---- Records for this task
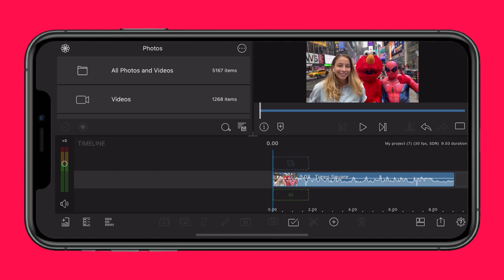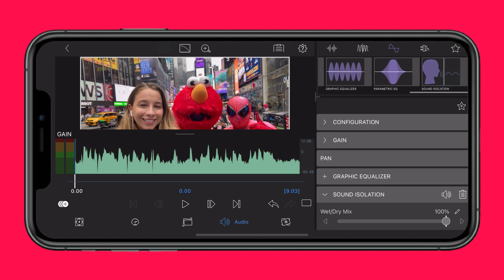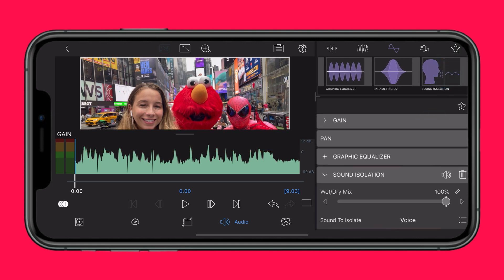Simply double-tap your clip on the timeline to open the audio editor. Head over to the Filters tab and tap Sound Isolation to apply the filter to your clip. Next, adjust the Wet-Dry Mix slider in the control stack. This controls the intensity of the sound isolation on your clip.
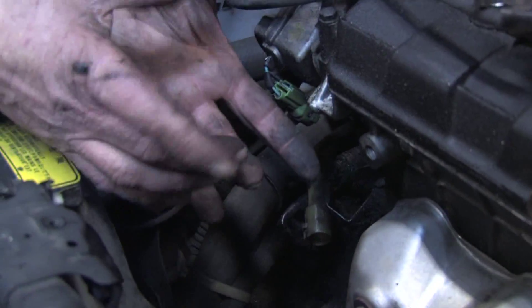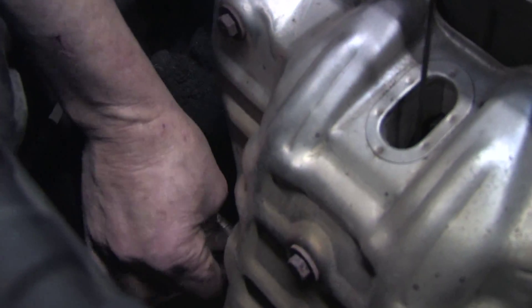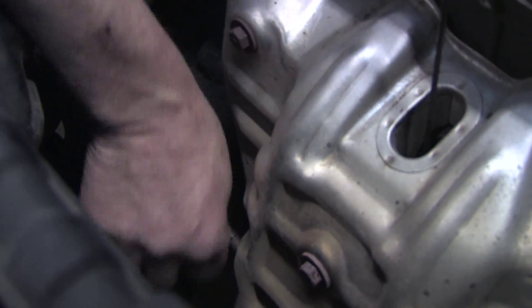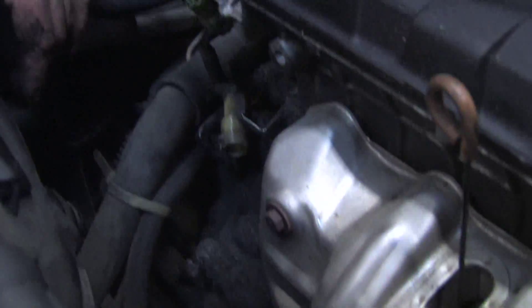They make a specialty socket that's long and has a slot cut in it that will allow the wire to hang out. You can use a socket and ratchet assembly and that can be had for about $30 at any automotive supply or automotive parts house.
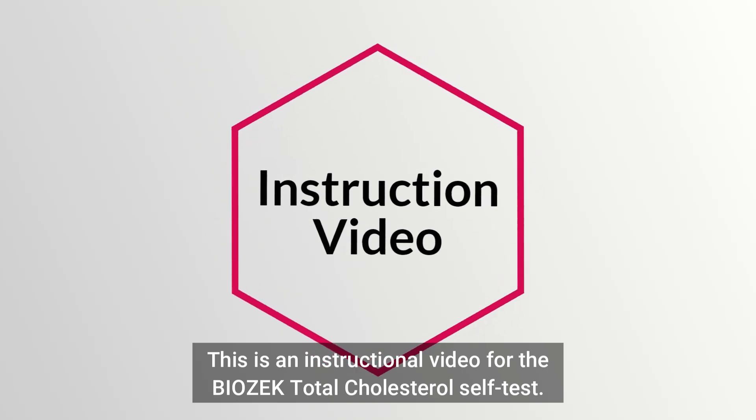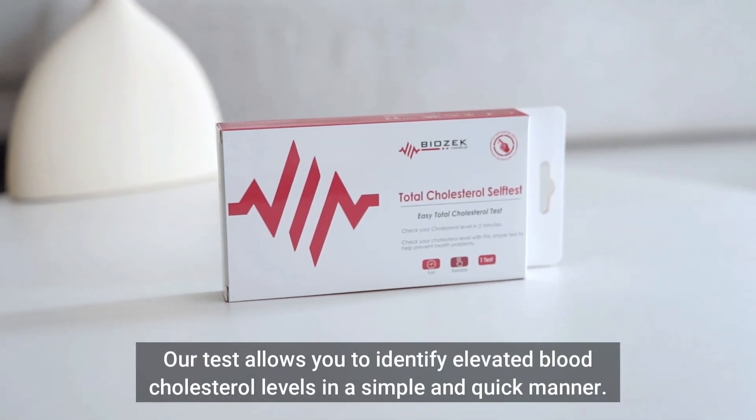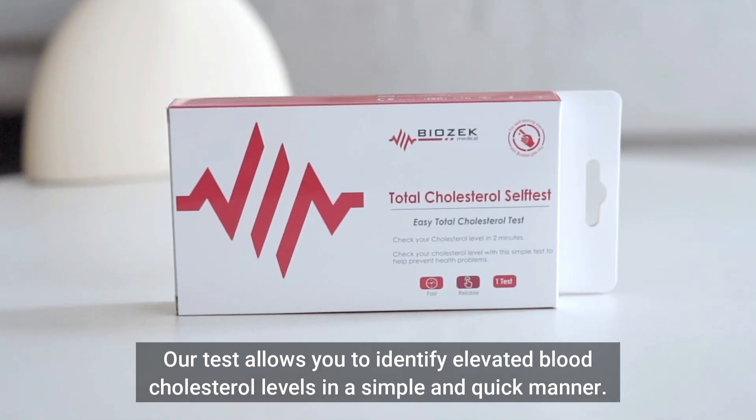This is an instructional video for the BioZec Total Cholesterol Self-Test. Our test allows you to identify elevated blood cholesterol levels in a simple and quick manner.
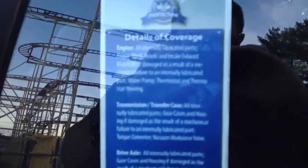Just to give you a brief description of the details of coverage of our Limited Lifetime Powertrain Warranty — unlimited miles, unlimited years, covering the engine, transmission, and drive axle.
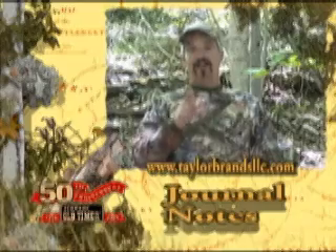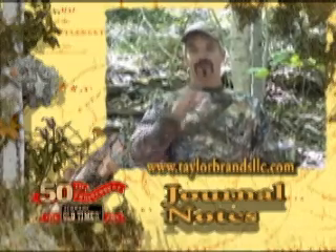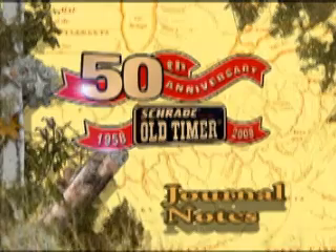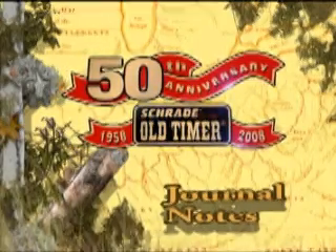So the next time you're in your local sporting goods store, look for the knife hatchet combo from old-timer. This segment has been brought to you by old-timer, America's favorite knife brand for the past 50 years.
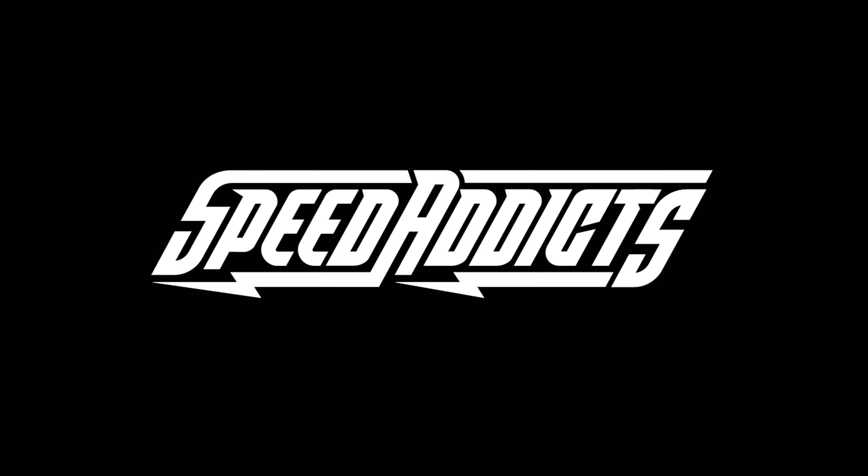Hey, Shad here with Speed Addicts, best-growing gear site on the web, and today we're going to uncrate the Icon Airform Jacket. Before I jump in and tell you all about this Icon Airform Jacket, go ahead and subscribe for me. That helps us keep bringing you the best gear reviews in the whole universe, of course.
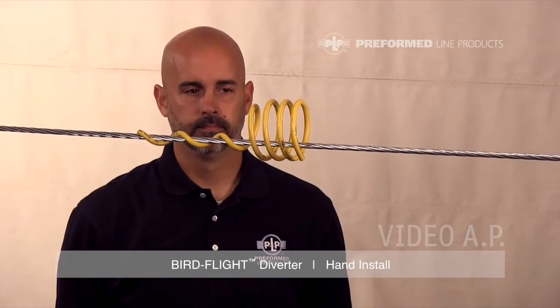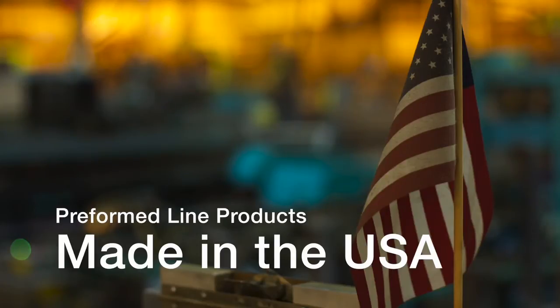This completes the application of the Bird Flight Diverter. This featured preformed product is manufactured in the United States and is backed by the experience and field support that PLP has been noted for since 1947.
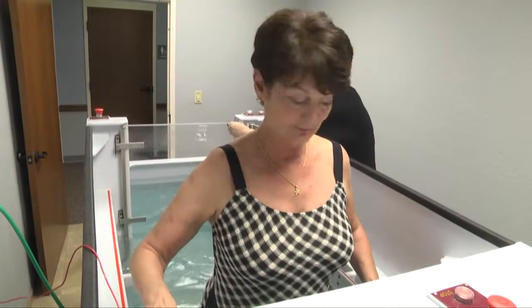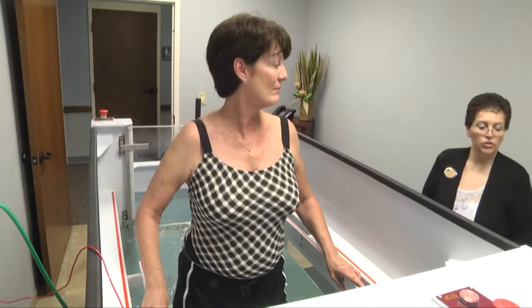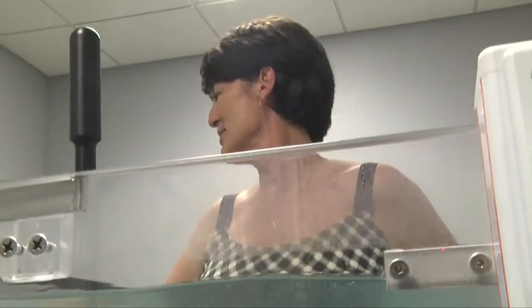Put the switch back in the upright position and hit the foyer pump button so that you pump the water from the foyer back into the main tank. Once that happens, then you can start your treatment with a treadmill or whatever you have going on.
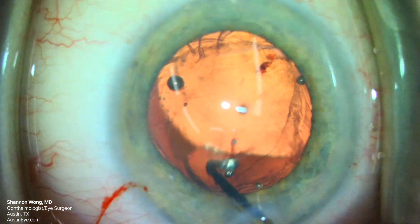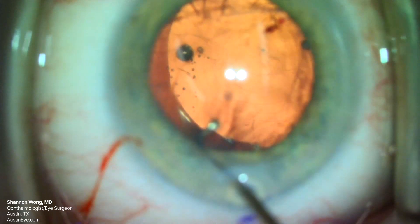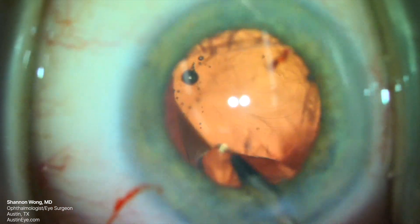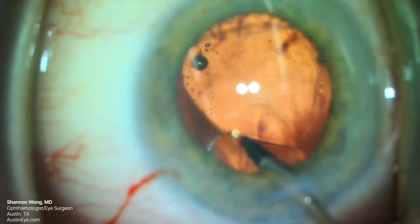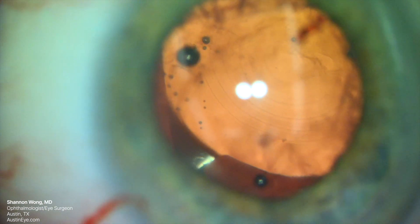We first try to lift the lens optic with a Conor wand, but as we bring the Conor wand toward the lens optic, the optic moves further into the vitreous. We then use micro forceps to try to grab and lift the haptic, but as we open our forceps, the lens again moves away from our instruments and wants to sink toward the retina.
--------
**What you are asked to do**: In the copy, omit the pictures and reproduce every entry exactly.

**Answer section**:
Simply double-tap your clip on the timeline to open the audio editor. Head over to the Filters tab and tap Sound Isolation to apply the filter to your clip. Next, adjust the Wet-Dry Mix slider in the control stack. This controls the intensity of the sound isolation on your clip.
They make a specialty socket that's long and has a slot cut in it that will allow the wire to hang out. You can use a socket and ratchet assembly and that can be had for about $30 at any automotive supply or automotive parts house.
This is an instructional video for the BioZec Total Cholesterol Self-Test. Our test allows you to identify elevated blood cholesterol levels in a simple and quick manner.
Just to give you a brief description of the details of coverage of our Limited Lifetime Powertrain Warranty — unlimited miles, unlimited years, covering the engine, transmission, and drive axle.
So the next time you're in your local sporting goods store, look for the knife hatchet combo from old-timer. This segment has been brought to you by old-timer, America's favorite knife brand for the past 50 years.
Hey, Shad here with Speed Addicts, best-growing gear site on the web, and today we're going to uncrate the Icon Airform Jacket. Before I jump in and tell you all about this Icon Airform Jacket, go ahead and subscribe for me. That helps us keep bringing you the best gear reviews in the whole universe, of course.
This completes the application of the Bird Flight Diverter. This featured preformed product is manufactured in the United States and is backed by the experience and field support that PLP has been noted for since 1947.
Put the switch back in the upright position and hit the foyer pump button so that you pump the water from the foyer back into the main tank. Once that happens, then you can start your treatment with a treadmill or whatever you have going on.
We first try to lift the lens optic with a Conor wand, but as we bring the Conor wand toward the lens optic, the optic moves further into the vitreous. We then use micro forceps to try to grab and lift the haptic, but as we open our forceps, the lens again moves away from our instruments and wants to sink toward the retina.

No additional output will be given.